## [TASK TO COMPLETE]
Write out nothing but the lines from the one containing "NWT Belle Beach" through the last line below, both included, and without the pictures.
(DATA FOR THIS EXERCISE begins)
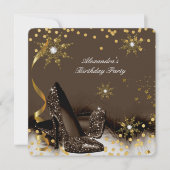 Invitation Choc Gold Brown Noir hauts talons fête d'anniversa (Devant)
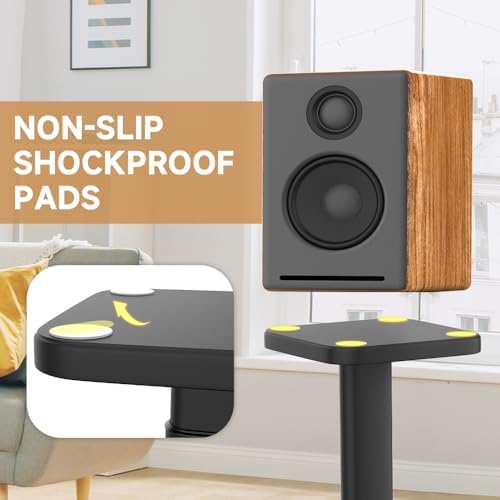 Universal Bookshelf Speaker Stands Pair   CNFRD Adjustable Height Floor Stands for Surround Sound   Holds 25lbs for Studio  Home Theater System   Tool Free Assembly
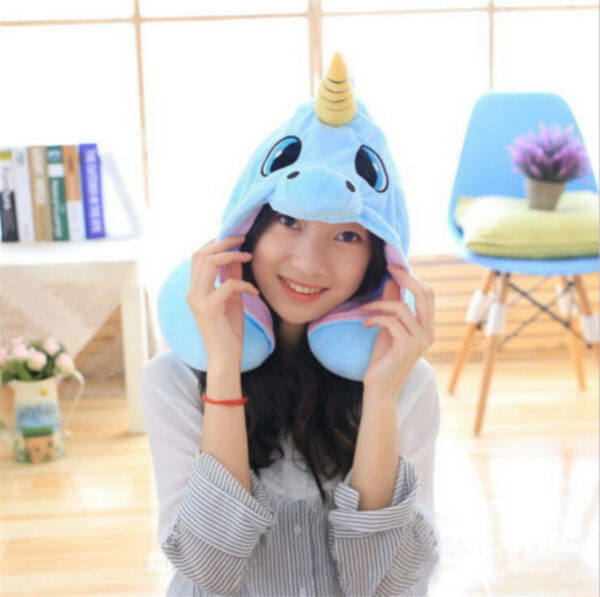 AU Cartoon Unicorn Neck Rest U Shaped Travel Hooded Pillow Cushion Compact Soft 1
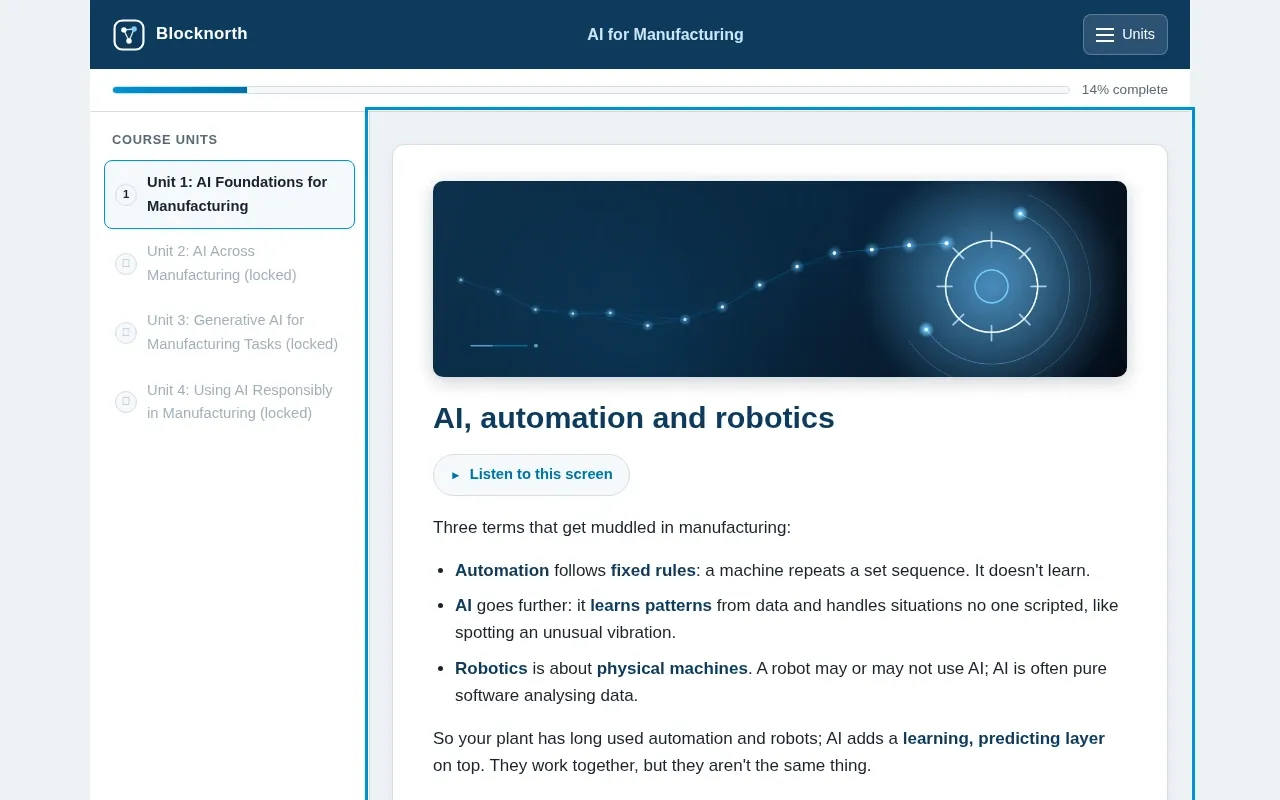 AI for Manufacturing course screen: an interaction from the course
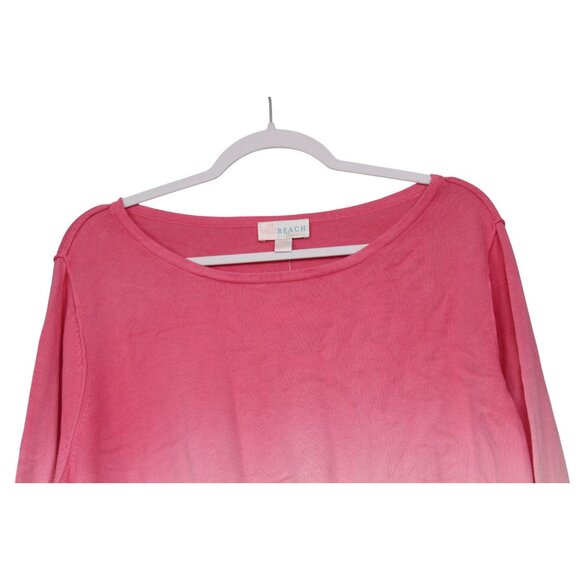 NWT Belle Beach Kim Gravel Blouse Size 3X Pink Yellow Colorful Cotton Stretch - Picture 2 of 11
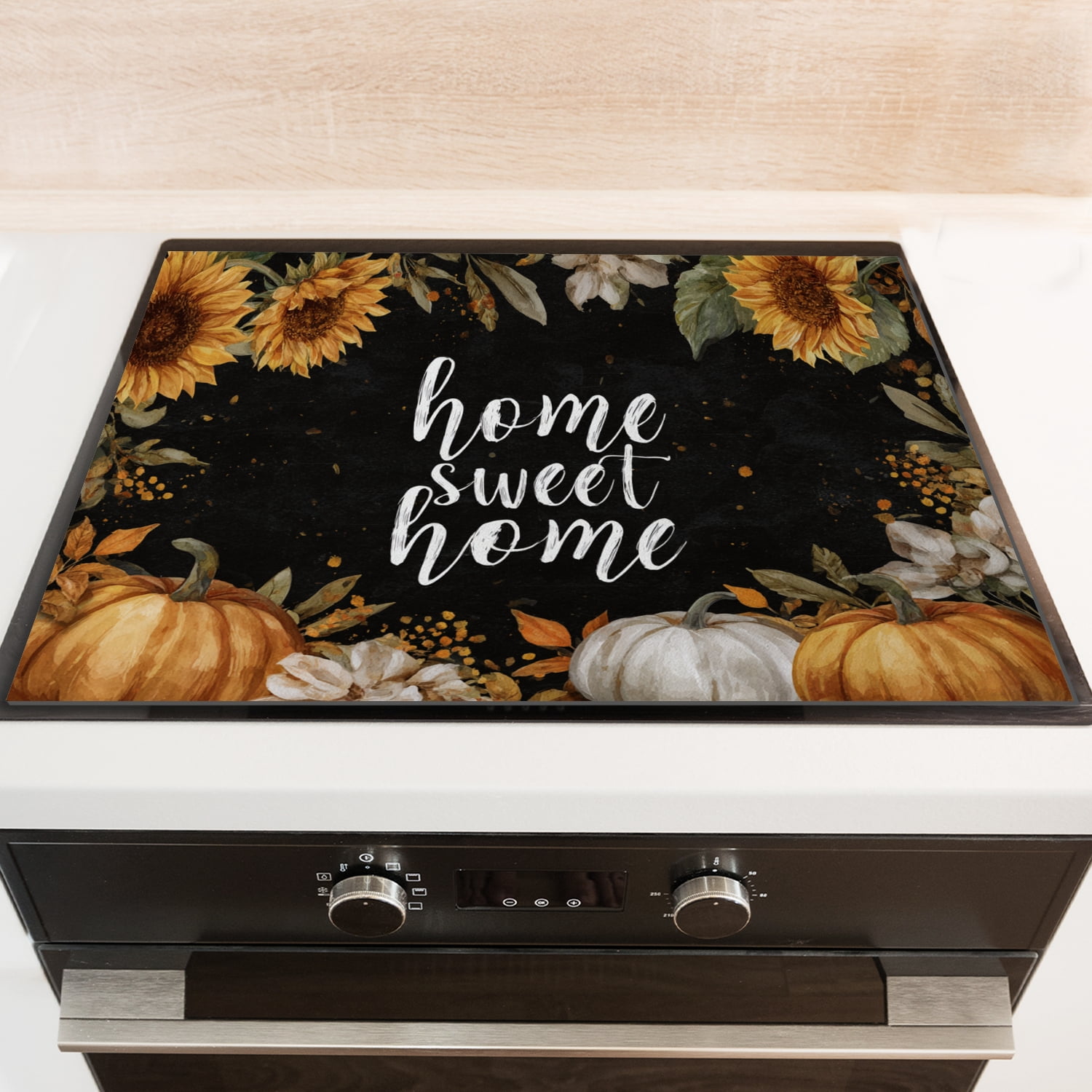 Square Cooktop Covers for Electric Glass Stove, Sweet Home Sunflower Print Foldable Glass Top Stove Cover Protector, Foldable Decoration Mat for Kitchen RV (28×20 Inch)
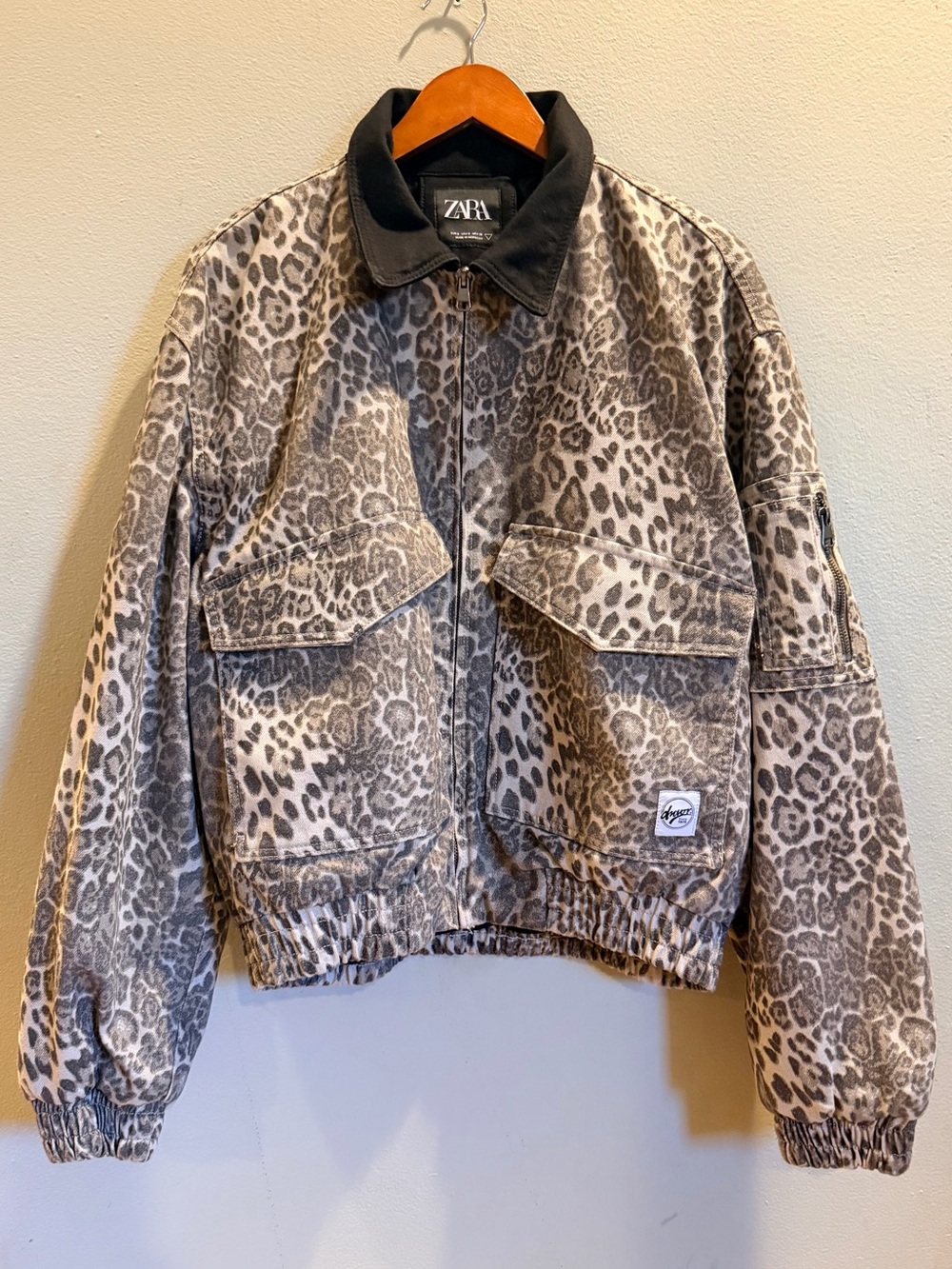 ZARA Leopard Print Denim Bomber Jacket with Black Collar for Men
(DATA FOR THIS EXERCISE ends)
## [WORKED SOLUTION]
 NWT Belle Beach Kim Gravel Blouse Size 3X Pink Yellow Colorful Cotton Stretch - Picture 2 of 11
 Square Cooktop Covers for Electric Glass Stove, Sweet Home Sunflower Print Foldable Glass Top Stove Cover Protector, Foldable Decoration Mat for Kitchen RV (28×20 Inch)
 ZARA Leopard Print Denim Bomber Jacket with Black Collar for Men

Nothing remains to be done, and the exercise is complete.